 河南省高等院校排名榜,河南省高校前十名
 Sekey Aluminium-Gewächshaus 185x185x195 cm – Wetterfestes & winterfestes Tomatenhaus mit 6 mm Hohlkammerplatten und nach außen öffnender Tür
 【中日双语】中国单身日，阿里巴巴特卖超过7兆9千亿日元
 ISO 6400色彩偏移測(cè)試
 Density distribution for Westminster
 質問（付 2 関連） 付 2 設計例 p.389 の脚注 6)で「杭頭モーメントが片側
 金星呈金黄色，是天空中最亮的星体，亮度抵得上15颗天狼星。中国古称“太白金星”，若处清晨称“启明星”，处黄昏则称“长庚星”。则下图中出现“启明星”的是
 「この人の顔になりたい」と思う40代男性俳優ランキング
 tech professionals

...

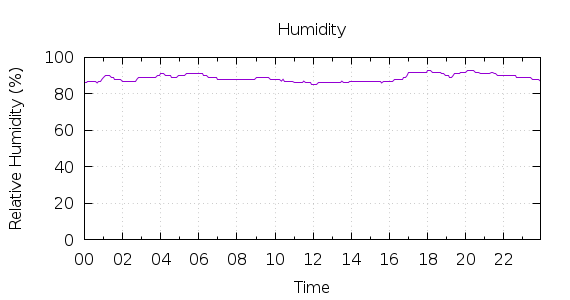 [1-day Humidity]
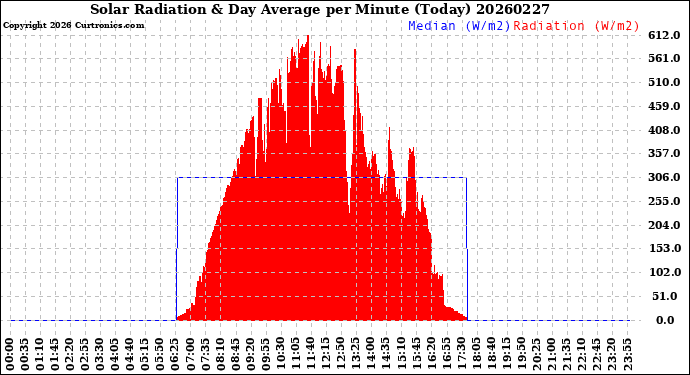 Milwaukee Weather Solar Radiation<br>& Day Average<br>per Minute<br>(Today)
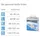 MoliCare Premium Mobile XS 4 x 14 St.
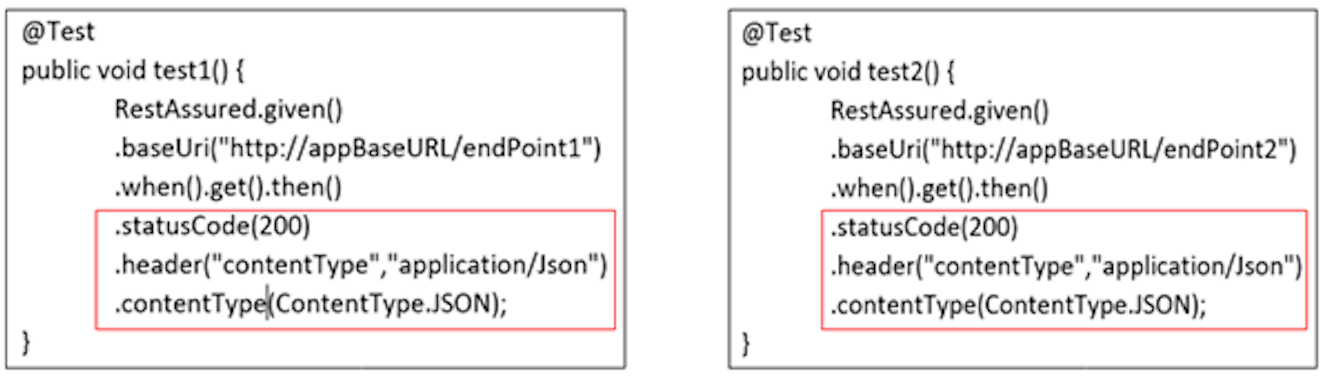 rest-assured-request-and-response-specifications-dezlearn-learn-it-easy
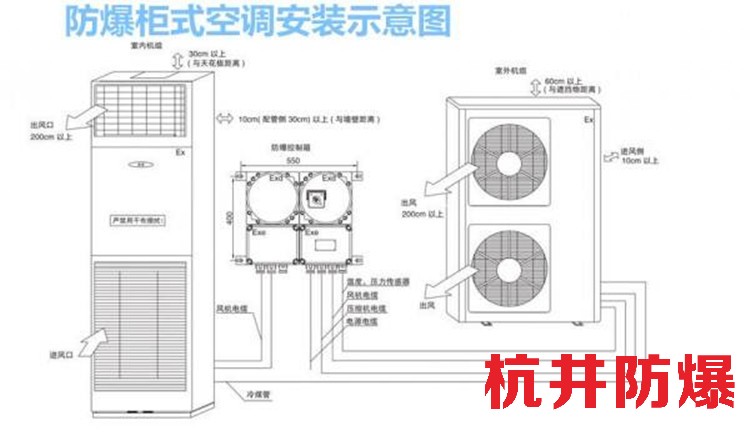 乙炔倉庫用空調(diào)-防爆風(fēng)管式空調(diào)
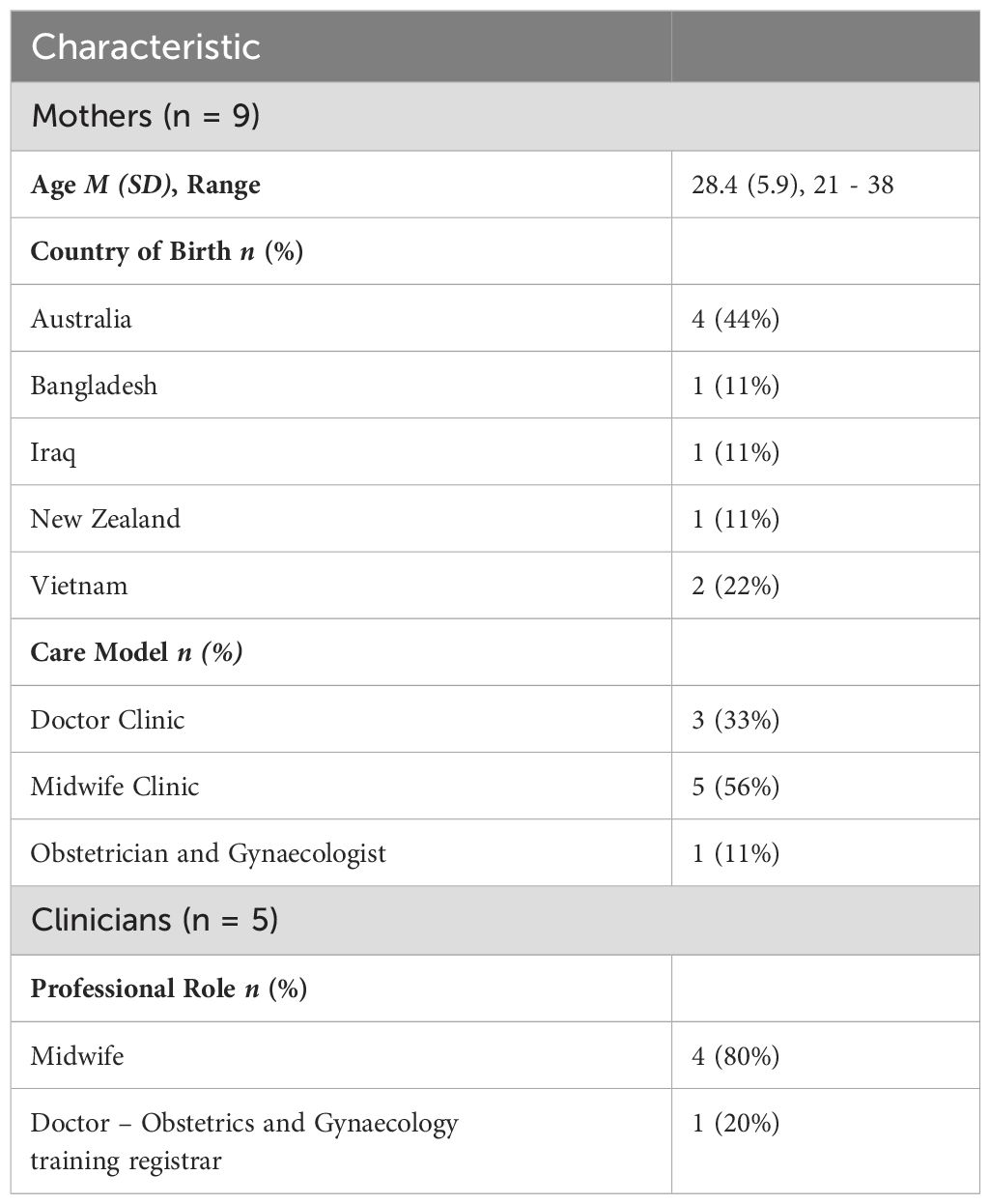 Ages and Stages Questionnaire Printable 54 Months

==

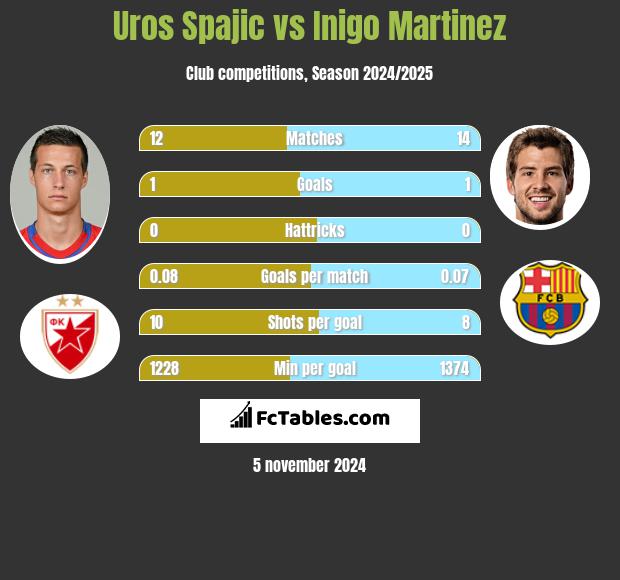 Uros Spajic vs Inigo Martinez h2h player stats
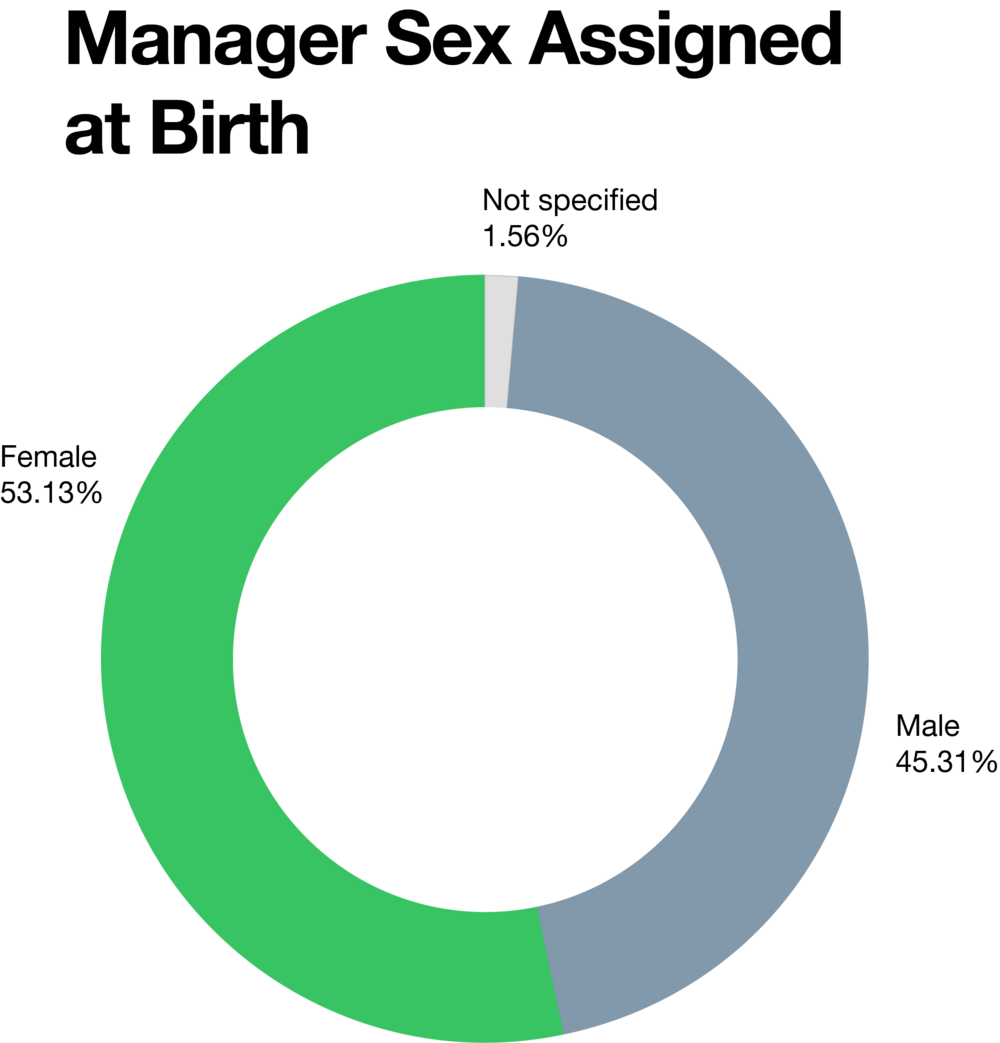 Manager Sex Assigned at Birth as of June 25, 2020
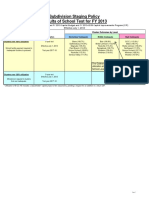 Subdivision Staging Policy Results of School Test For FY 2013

### [Task to carry out]
Taking the material above, extract exactly and only the lines from the line with "ISO 6400色彩偏移測(cè)試" to the line with "tech professionals", inclusive of both.

### [Response area]
 ISO 6400色彩偏移測(cè)試
 Density distribution for Westminster
 質問（付 2 関連） 付 2 設計例 p.389 の脚注 6)で「杭頭モーメントが片側
 金星呈金黄色，是天空中最亮的星体，亮度抵得上15颗天狼星。中国古称“太白金星”，若处清晨称“启明星”，处黄昏则称“长庚星”。则下图中出现“启明星”的是
 「この人の顔になりたい」と思う40代男性俳優ランキング
 tech professionals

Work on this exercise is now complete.